Using UFS Explorer pro on Debian, the software recognizes that both drives do not have a file system. One drive does show to have a "Btrfs component partition" while the other shows nothing partition wise. Running a scan on both drives shows the correct data and folder structure for both drives (they are identical). Since I do not have a license for this software, I can't recover/copy any of the data off to another drive. If I could do that, I would just wipe the drives afterwards, create a new cache pool, and move the data back over.

Can anyone help direct me on what to try next? Is there a way to rebuild/restore the file system so the drives are accessible again? Do I need to somehow rebuild the RAID 1 with these drives and then try the previously linked post again? I don't have the drives in the Unraid machine, but can put them back if that makes things easier (I am much more familiar with Debian than I am with Unraid and it's interface).

Thanks!

Edited February 25, 2022 by MrFrizzy

JorgeB · February 21, 2022

8 hours ago, MrFrizzy said:

I tried adding the drive back into the cache pool and it did say it would overwrite the data, but I proceeded anyway which made things worse I think.

This deletes the filesystem superblock on the device(s), you might be able to recover with:

btrfs-select-super -s 1 /dev/sdX1

replace X with correct device, don't forget the 1 in the end, do this for both devices and if the command is successful add them to a new pool and post diags after arrays start.

MrFrizzy · February 21, 2022

22 minutes ago, JorgeB said:
This deletes the filesystem superblock on the device(s), you might be able to recover with:
btrfs-select-super -s 1 /dev/sdX1
replace X with correct device, don't forget the 1 in the end, do this for both devices and if the command is successful add them to a new pool and post diags after arrays start.

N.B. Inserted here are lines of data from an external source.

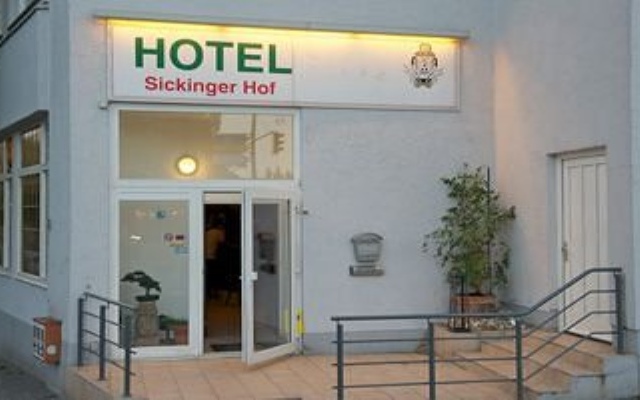 Отель -Pension Sickinger Hof Германия, Берлин - отзывы, цены и фото номеров - забронировать отель -Pension Sickinger Hof онлайн вид на фасад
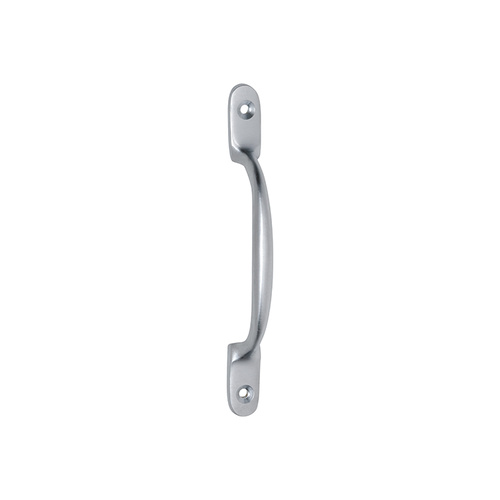 Tradco 1372SC Pull Handle Satin Chrome 125mm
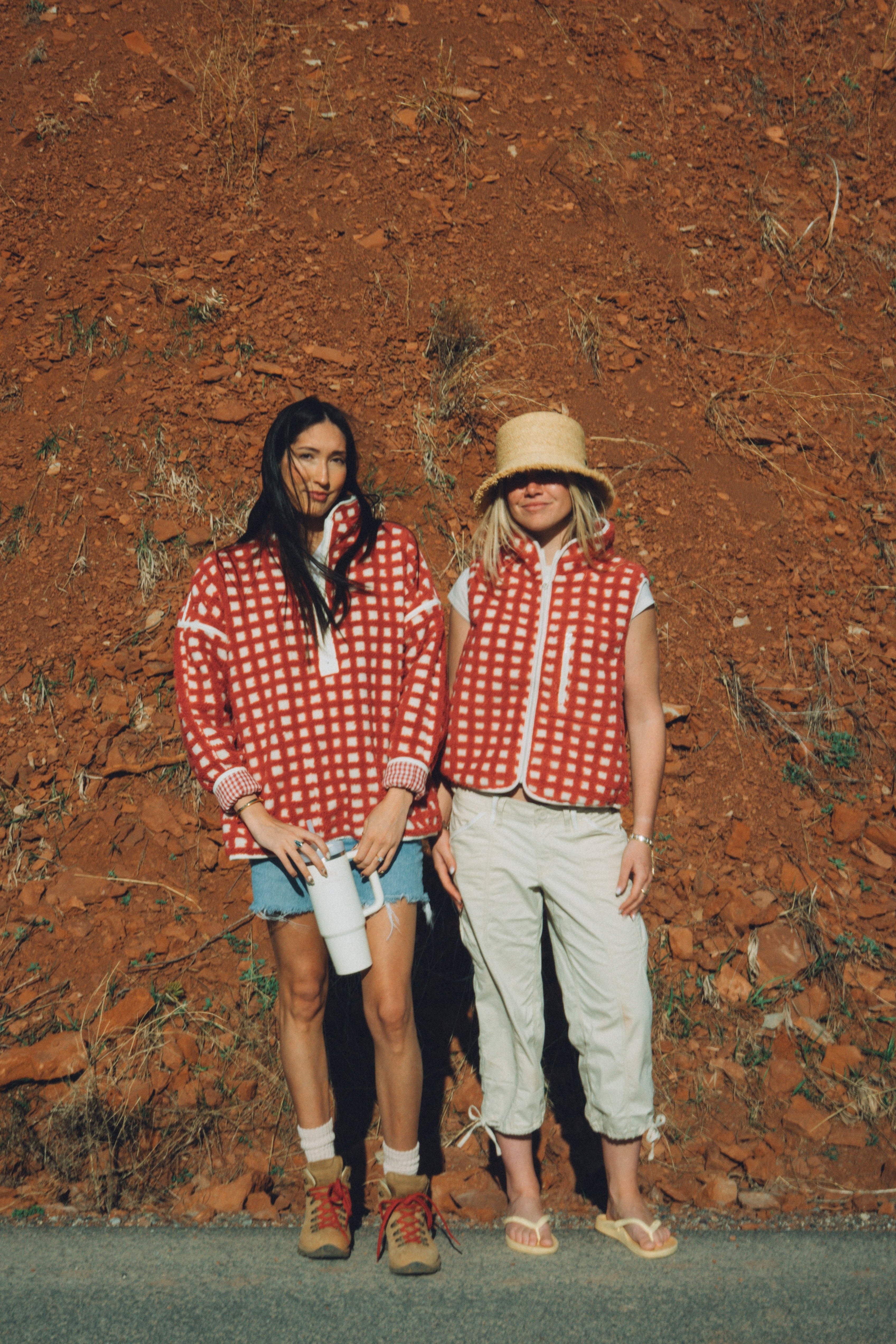 Montana Vest | Signature Red – Midnight Lunch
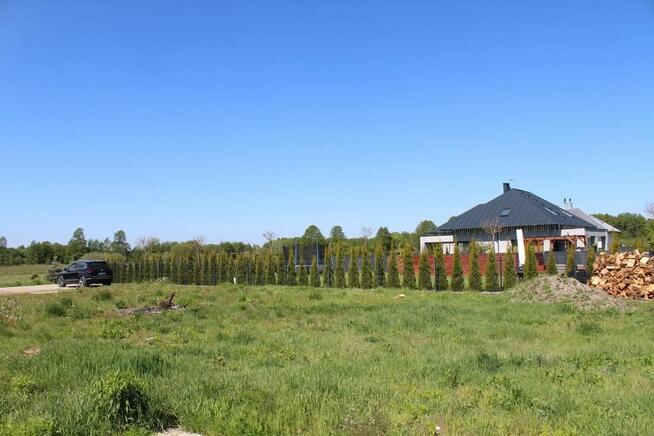 Działka budowlana w Łupkach 500 m od jeziora Roś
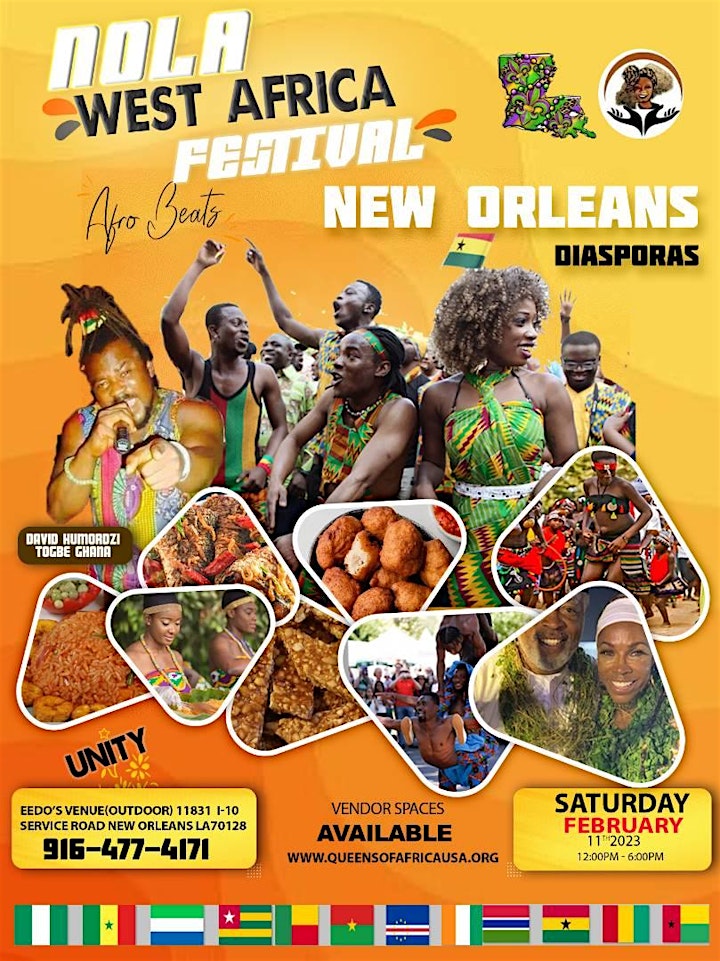 New Orleans West Africa Culture Festival 2023 image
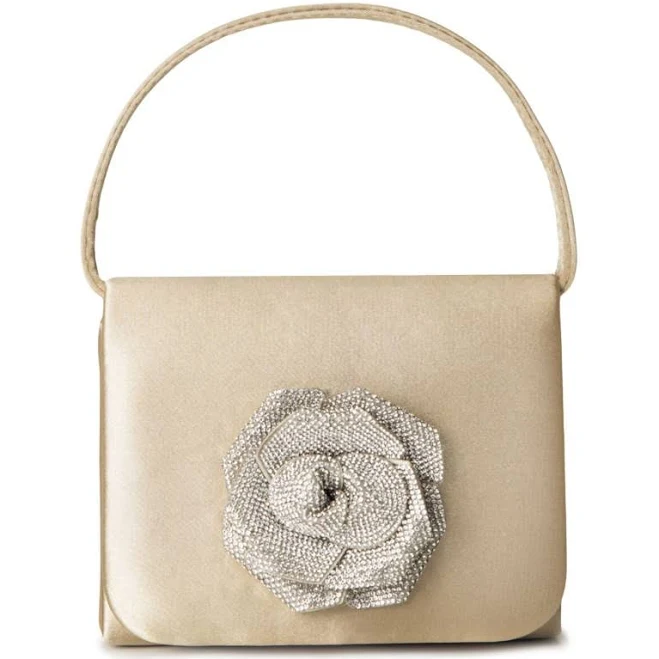 bag Золота текстильна маленька сумка SABO $1112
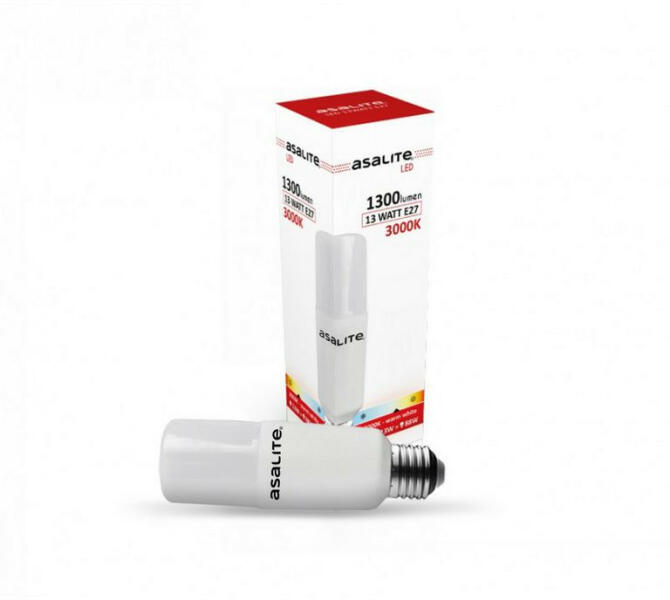 LED Izzó T45 stick E27 13W 3000K (1300 lumen) (ASAL0173)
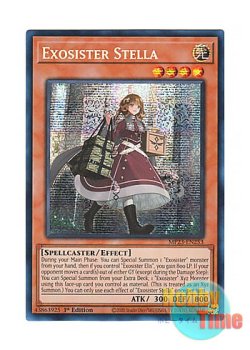 画像1: 英語版 MP23-EN253 Exosister Stella エクソシスター・ステラ (プリズマティックシークレットレア) 1st Edition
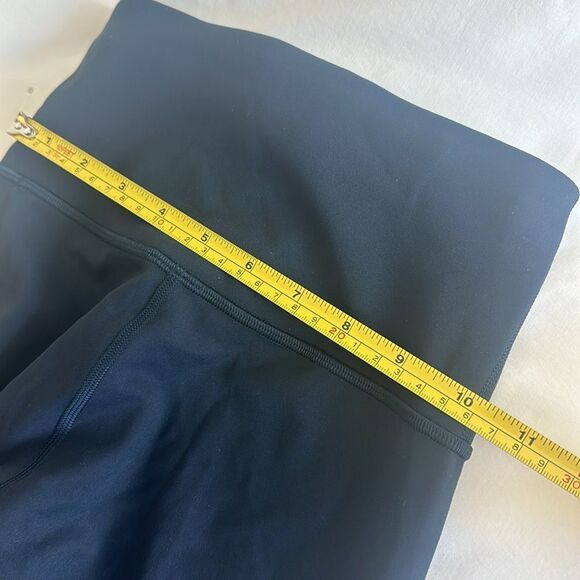 Lululemon Wunder Train High-Rise Tight 25" Hem Slit true navy blue size 2 nwt - Picture 5 of 7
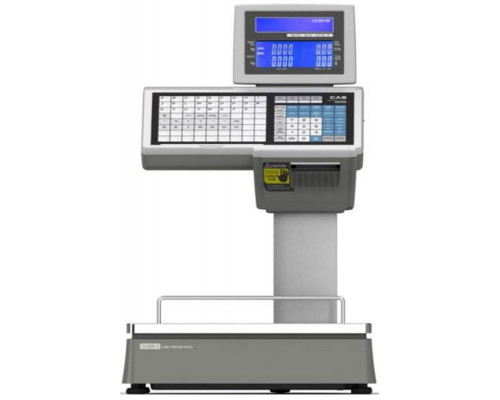 Весы с печатью этикеток CAS CL5000D-15D (TCP-IP, безподложечная этикетка)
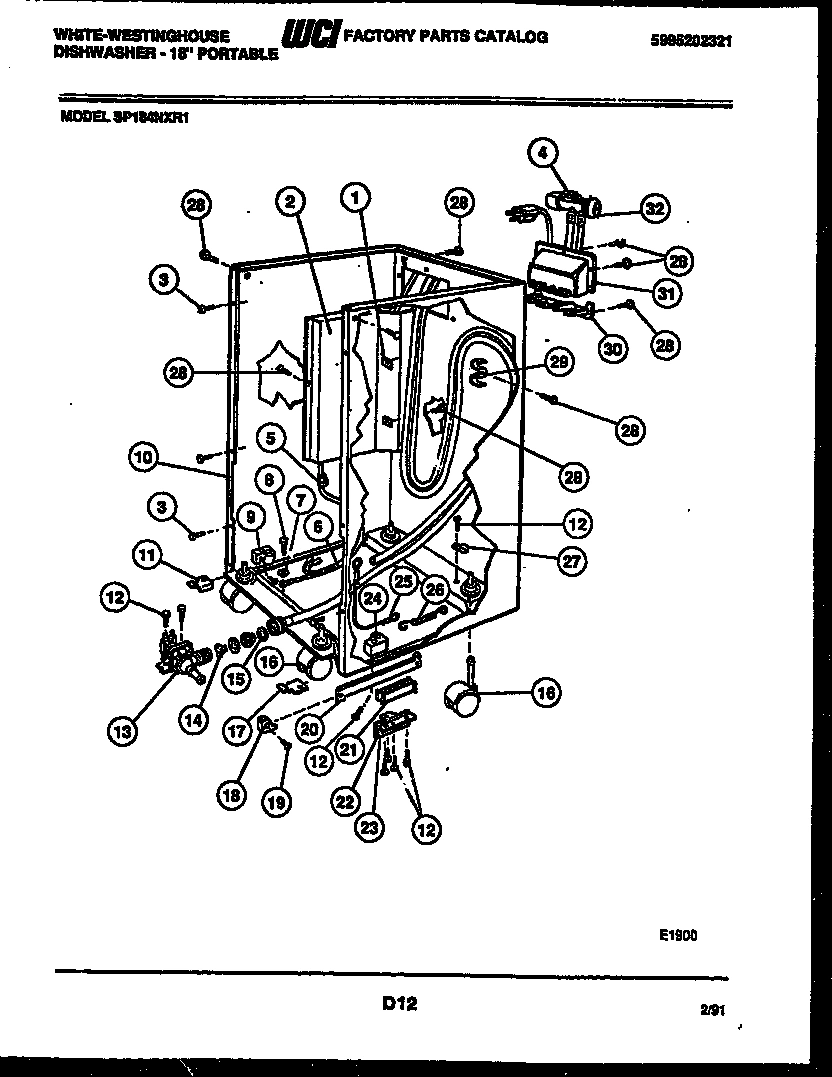 07 - CABINET PARTS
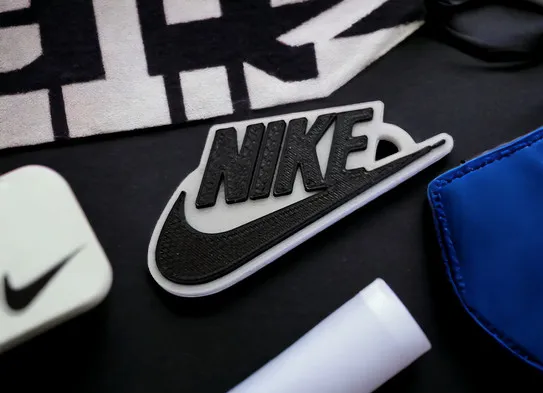 Nike Keychain by Al Berto MakerWorld: Download Free 3D Models - 3D model önizlemesi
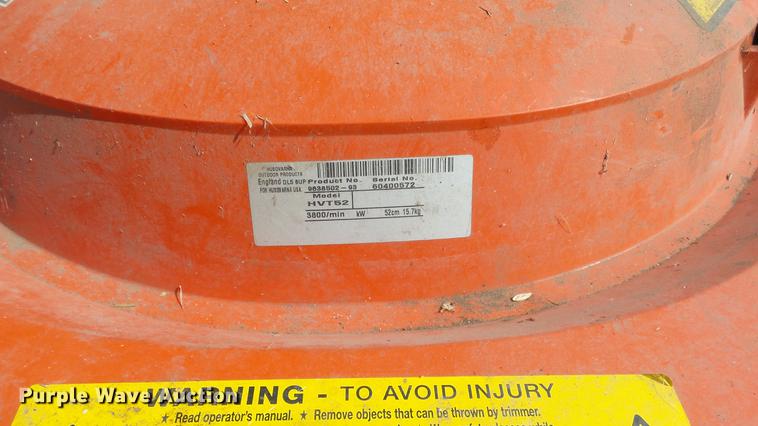 image for item EF9213 Husqvarna HVT52 string trimmer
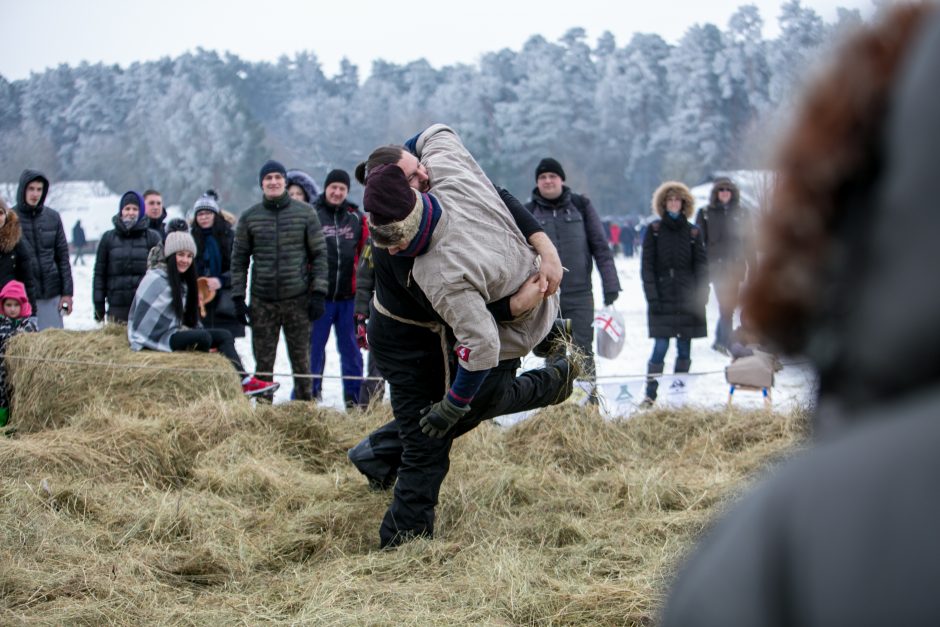 Rumšiškėse žiemą išvarė su trenksmu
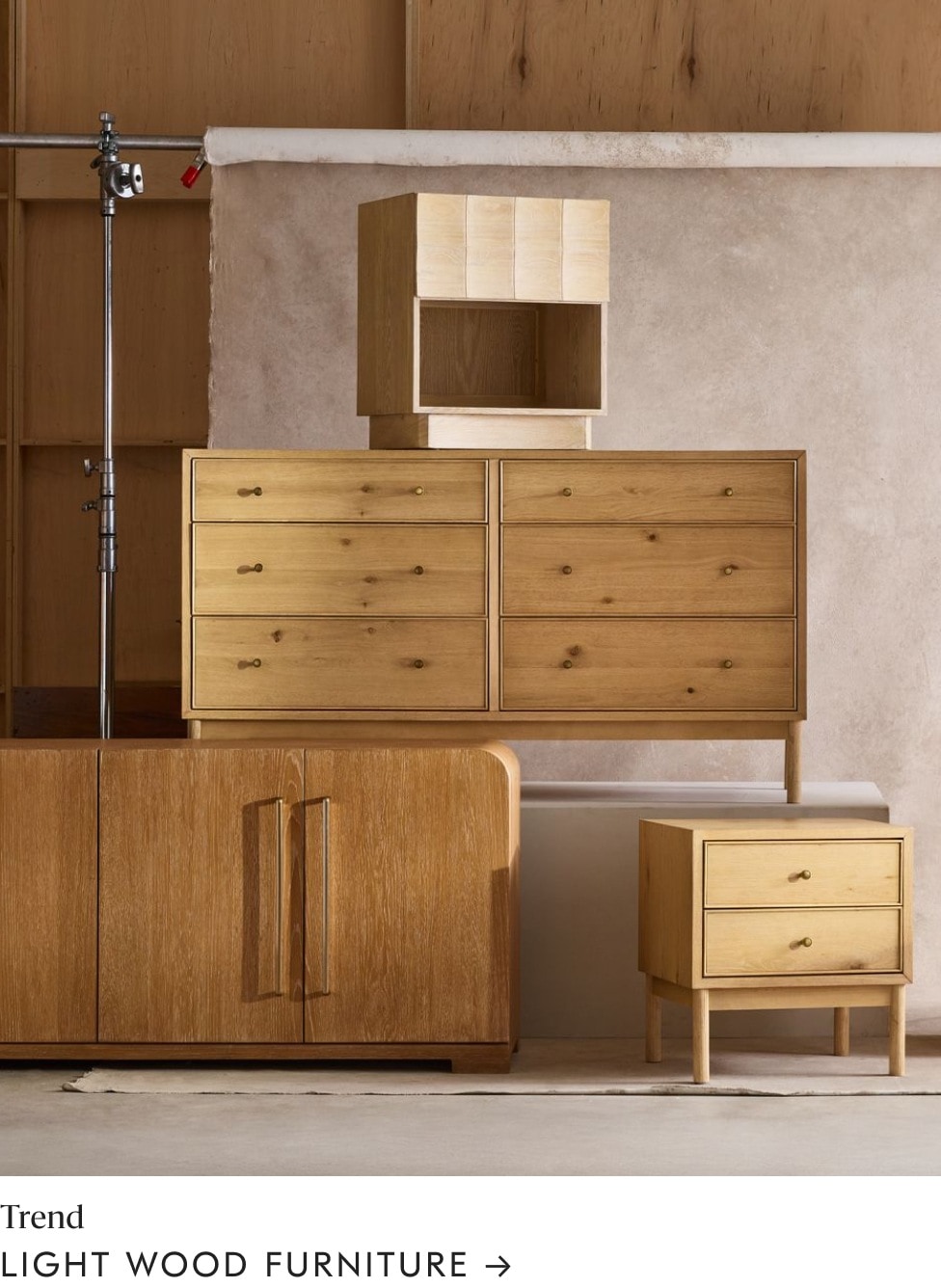 Trend: Light Wood Furniture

I will certainly try that once the restore of the data to a backup drive has completed. What is interesting is that the drive I deleted the file system on is the one that I can get a restore going on without any trouble. The drive that has a "btrfs component partition" (according to UFS Explorer) refuses to do anything I have tried so far.

MrFrizzy · February 21, 2022

5 hours ago, MrFrizzy said:

I will certainly try that once the restore of the data to a backup drive has completed. What is interesting is that the drive I deleted the file system on is the one that I can get a restore going on without any trouble. The drive that has a "btrfs component partition" (according to UFS Explorer) refuses to do anything I have tried so far.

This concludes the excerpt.